Pacientes no Itaci chegam a ter aulas de preparação
para o Enem nos leitos quando estão muito debilitados pelo tratamento — Foto:
Arquivo pessoal
Júlia teve o
diagnóstico de câncer em março do ano passado. Fez seis semanas de
quimioterapia e, durante o processo, por conta da queda da imunidade, teve
pneumonia e infecção na pele.
"Sempre no
terceiro dia de quimio começava a sentir todos os efeitos colaterais, ficava
fraca, mal conseguia andar, a imunidade caía, apareciam feridas na boca e não
conseguia nem comer. Ia até o meu limite, mas acabava sendo internada",
lembra.
Os estudos, no
entanto, ajudavam Júlia se manter entretida. "Eu praticamente ficava
deitada e recebia o remédio, e, como gosto de estudar, sempre gostei, era o que
me distraía. Lia livros dos médicos, a equipe do hospital é maravilhosa, e a
professora Angelita me inspirou a escrever poemas."
Quando Angelita
sugeriu que Júlia fizesse o Enem, ela achou que "não adiantaria
nada", já que não tinha se preparado como deveria. Mas foi o resultado que
garantiu a bolsa que permitiu sua entrada no ensino superior.
De volta à vida normal
Os cabelos de Júlia
voltaram a crescer - na época, ela raspou a cabeça logo após as primeiras
sessões de quimioterapia porque vê-los caindo a irritava - e recuperou a massa
magra do corpo que havia perdido.
Não precisa mais de
medicamento, estuda, vai à academia e está procurando um emprego. Ela volta ao
Itaci a cada seis meses para fazer o acompanhamento padrão.
Filha única, a
estudante perdeu a mãe para o câncer ainda na infância.
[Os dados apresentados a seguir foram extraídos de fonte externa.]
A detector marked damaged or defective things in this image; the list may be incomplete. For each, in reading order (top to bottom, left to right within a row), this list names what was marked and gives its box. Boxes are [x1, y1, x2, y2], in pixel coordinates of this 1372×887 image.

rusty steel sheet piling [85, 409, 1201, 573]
Depois dessa
experiência, aprendeu a ver a vida de forma diferente e ser agradecida
"por poder acordar na própria casa, e não mais em uma cama de
hospital".
Para os jovens que
enfrentam doenças, ela pede que não percam as esperanças. "É preciso
manter a alma viva, a única coisa que temos o controle, e a alma é tudo. Se
você não está bem por dentro, por fora não vai conseguir lutar para vencer
nada, qualquer doença. É preciso ter fé, é só uma fase, e às vezes vem para o
bem."
Júlia conseguiu uma bolsa de 50% do valor da
universidade por causa de sua pontuação no Enem que fez durante o tratamento de
câncer — Foto: Arquivo pessoal
Isabel, que ainda
não está curada e fará o Enem pela segunda vez no hospital, também incentiva os
alunos a não desistirem das provas, independentemente de seus problemas, e
fazê-las ao menos como experiência.
"Não dá para
achar que estamos estudando pouco porque estamos fazendo um tratamento médico.
Tem muito aluno estudando menos que a gente. Se você se esforçou ao longo de
sua vida escolar, vai ter um bom resultado. Anime-se, bote a cara, no mínimo
vai ser uma grande experiência para se aperfeiçoar da próxima vez. Já o máximo
é com você", afirma Isabel.
Para a Angelita, a
professora conselheira, é gratificante ver quanto o seu trabalho colabora com a
vida dos jovens.
"É muito
importante dentro do hospital trazer uma rotina perdida, uma perspectiva de
vida. Hoje eles estão doentes. Não são doentes, mas perdem a questão da
identidade. Não tem outro profissional dentro do hospital, além do professor,
que pode fazer o resgate que a escolarização proporciona."